The British High Commission has rejected a request by the former Asunafo South Member of Parliament, George Boakye, for a withdrawal of visa fraud allegations against him.

Lawyers for the High Commission insist Mr Boakye is actually guilty of the allegations, throwing out the MP’s demand.

Lawyers for the MP had written to the High Commission demanding a retraction of the claim which was contained in a letter to the Speaker of Parliament, Prof Mike Ocquaye.

The letter from the British High Commission to the Speaker dated January 31, 2017 listed MP for Bia East Richard Acheampong, MP for Asutifi North Joseph Benhazin Dahah, MP for Ahafo Ano South West Johnson Kwaku Adu, and former MP for Asunafo South George Boakye as persons who had previously engaged in visa fraud.

George Boakye in a letter to the commission on April 27, demanded a retraction of the claim.

But the commissioner Jon Benjamin in a letter dated May 4 justified the allegation insisting Mr. Boakye had admitted his daughter who he sponsored to visit the UK overstayed her visa.

Lawyers for Mr. Boakye in a counter letter four days later wrote: “we will like you to tell us where in the application of my client he acted fraudulently or which action of his constituted the fraud. You have imputed criminality on my client which is a serious matter and can damage his fortunes as a politician and aspiring MP.”

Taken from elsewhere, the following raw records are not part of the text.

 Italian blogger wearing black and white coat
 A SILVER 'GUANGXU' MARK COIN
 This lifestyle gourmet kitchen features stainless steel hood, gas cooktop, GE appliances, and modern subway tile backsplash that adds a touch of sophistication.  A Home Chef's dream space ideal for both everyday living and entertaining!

The High Commissioner did not respond to this directly but rather instructed the High Commission’s lawyers, A&A Law Consult, to write to Mr. Boakye last Friday, May 19.

The lawyers again justified the claim of fraud saying: “The British High Commissioner is of the opinion that your client’s failure to report for nearly four years the continued illegal residence in the United Kingdom of your daughter, a person whose visit he had sponsored, does at the very least raise very serious questions.”

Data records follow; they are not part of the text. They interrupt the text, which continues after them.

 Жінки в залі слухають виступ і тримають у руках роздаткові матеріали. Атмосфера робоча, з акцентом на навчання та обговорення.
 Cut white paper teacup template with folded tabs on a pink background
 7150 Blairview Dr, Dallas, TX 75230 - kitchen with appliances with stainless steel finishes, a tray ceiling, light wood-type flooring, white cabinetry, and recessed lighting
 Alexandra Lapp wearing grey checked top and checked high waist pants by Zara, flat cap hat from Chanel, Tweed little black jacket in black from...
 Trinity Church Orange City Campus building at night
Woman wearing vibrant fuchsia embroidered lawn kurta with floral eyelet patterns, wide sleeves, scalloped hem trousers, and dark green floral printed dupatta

However, Lawyer for Mr. Boakye, Kwabena Asare Atuah, says his client is keen on clearing his name in the matter.

Meanwhile, Joy News understands no progress has been made as far as investigations by Parliament into the issue are concerned.

The Parliamentary Service Board was expected to meet over the issue last month but that did not happen.

Further action is expected when the house resumes sitting on May 30, 2017.